▸ Records for processing
________
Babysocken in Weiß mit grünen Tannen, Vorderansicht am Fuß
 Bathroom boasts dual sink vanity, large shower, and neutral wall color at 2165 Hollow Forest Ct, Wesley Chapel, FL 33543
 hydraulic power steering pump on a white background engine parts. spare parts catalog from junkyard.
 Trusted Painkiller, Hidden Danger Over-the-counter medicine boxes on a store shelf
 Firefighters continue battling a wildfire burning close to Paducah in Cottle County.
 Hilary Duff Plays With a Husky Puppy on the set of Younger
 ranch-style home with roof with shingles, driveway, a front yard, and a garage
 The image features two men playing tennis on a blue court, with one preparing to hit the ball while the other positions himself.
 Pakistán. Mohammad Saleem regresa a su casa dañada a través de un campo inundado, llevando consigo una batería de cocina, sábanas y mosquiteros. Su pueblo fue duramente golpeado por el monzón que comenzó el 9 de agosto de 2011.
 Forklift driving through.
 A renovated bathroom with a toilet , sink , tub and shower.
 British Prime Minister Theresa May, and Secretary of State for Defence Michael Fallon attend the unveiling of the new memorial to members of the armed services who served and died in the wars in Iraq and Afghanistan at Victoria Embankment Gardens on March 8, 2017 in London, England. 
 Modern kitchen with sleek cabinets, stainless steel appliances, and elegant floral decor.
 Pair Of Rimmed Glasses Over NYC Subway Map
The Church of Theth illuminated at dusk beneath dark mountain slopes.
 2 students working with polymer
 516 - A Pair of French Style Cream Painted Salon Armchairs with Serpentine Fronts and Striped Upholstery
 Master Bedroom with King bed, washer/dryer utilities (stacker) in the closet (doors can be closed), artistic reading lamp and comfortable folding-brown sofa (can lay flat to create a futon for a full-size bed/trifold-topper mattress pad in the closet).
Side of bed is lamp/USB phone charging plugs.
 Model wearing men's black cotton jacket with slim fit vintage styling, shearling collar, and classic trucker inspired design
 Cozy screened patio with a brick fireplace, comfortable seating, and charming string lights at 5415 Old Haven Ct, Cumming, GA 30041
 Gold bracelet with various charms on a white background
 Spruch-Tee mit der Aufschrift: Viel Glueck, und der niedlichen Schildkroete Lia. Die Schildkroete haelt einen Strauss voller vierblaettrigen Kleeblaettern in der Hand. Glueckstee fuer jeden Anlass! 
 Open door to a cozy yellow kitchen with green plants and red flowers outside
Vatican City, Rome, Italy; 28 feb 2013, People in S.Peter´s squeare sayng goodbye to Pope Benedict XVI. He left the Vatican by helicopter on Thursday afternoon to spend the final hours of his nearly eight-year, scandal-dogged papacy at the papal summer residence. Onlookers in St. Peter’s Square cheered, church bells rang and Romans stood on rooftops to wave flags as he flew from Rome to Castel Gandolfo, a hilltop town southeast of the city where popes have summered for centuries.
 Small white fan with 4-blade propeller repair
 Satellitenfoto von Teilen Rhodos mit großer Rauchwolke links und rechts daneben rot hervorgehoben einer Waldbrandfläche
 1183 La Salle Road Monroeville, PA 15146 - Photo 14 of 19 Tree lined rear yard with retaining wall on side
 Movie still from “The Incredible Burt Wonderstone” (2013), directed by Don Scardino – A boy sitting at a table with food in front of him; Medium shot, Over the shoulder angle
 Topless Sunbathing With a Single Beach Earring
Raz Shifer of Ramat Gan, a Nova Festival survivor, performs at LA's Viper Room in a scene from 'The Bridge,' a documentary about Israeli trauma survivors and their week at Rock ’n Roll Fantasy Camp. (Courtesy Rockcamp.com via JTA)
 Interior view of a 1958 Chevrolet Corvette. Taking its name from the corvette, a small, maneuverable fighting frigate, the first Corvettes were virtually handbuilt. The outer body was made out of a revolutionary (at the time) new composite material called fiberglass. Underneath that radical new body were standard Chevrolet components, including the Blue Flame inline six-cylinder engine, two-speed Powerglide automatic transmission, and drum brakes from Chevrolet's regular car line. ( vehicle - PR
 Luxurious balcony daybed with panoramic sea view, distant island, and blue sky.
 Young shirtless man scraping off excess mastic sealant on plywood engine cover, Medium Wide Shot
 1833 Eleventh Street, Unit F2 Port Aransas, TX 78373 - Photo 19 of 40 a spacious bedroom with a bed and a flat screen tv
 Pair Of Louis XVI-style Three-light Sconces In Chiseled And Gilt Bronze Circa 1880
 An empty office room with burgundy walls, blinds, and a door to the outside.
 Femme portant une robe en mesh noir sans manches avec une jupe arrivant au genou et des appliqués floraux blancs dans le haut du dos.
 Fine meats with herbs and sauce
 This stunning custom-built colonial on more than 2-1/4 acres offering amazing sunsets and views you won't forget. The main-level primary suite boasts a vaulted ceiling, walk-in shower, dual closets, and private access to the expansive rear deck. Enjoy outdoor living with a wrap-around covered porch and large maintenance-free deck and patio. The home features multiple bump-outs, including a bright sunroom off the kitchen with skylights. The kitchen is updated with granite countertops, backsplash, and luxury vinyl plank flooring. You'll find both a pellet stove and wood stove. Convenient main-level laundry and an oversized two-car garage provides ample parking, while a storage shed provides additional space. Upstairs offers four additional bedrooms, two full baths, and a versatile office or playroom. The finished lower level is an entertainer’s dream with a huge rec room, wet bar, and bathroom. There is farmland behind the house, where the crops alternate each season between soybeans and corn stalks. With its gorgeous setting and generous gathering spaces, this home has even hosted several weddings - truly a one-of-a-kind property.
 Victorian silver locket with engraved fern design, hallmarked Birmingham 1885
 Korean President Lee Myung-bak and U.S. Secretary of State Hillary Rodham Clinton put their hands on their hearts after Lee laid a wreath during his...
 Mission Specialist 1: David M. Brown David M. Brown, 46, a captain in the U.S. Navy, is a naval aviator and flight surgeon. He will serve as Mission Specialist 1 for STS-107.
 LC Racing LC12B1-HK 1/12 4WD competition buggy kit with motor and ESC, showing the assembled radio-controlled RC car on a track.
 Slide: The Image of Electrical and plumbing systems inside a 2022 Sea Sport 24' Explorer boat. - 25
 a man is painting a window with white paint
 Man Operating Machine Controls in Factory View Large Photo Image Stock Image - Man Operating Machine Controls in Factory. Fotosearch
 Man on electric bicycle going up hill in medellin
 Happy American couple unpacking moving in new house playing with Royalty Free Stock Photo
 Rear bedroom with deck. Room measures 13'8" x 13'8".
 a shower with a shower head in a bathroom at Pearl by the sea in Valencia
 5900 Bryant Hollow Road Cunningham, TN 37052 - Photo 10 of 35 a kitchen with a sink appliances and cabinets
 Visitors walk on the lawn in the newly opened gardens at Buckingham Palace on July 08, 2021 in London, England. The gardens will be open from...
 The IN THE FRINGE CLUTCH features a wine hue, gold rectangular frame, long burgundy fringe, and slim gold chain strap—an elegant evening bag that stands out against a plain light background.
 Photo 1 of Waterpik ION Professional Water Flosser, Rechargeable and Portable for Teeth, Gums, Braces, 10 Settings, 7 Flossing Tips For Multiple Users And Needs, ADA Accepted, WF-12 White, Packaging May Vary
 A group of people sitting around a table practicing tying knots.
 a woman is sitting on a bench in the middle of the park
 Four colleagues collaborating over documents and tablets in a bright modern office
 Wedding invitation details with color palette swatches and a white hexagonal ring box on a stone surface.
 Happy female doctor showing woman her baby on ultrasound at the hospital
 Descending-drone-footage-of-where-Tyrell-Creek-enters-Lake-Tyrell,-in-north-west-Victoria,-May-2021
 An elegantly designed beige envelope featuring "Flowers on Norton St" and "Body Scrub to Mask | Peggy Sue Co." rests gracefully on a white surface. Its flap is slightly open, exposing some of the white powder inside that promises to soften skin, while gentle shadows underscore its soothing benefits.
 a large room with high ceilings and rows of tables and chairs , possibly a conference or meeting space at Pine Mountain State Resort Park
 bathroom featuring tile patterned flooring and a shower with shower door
________
▸ Problem details
Look through the entries above and work out how many lines contain the string "slim". Give that number alone.

▸ Answer below
2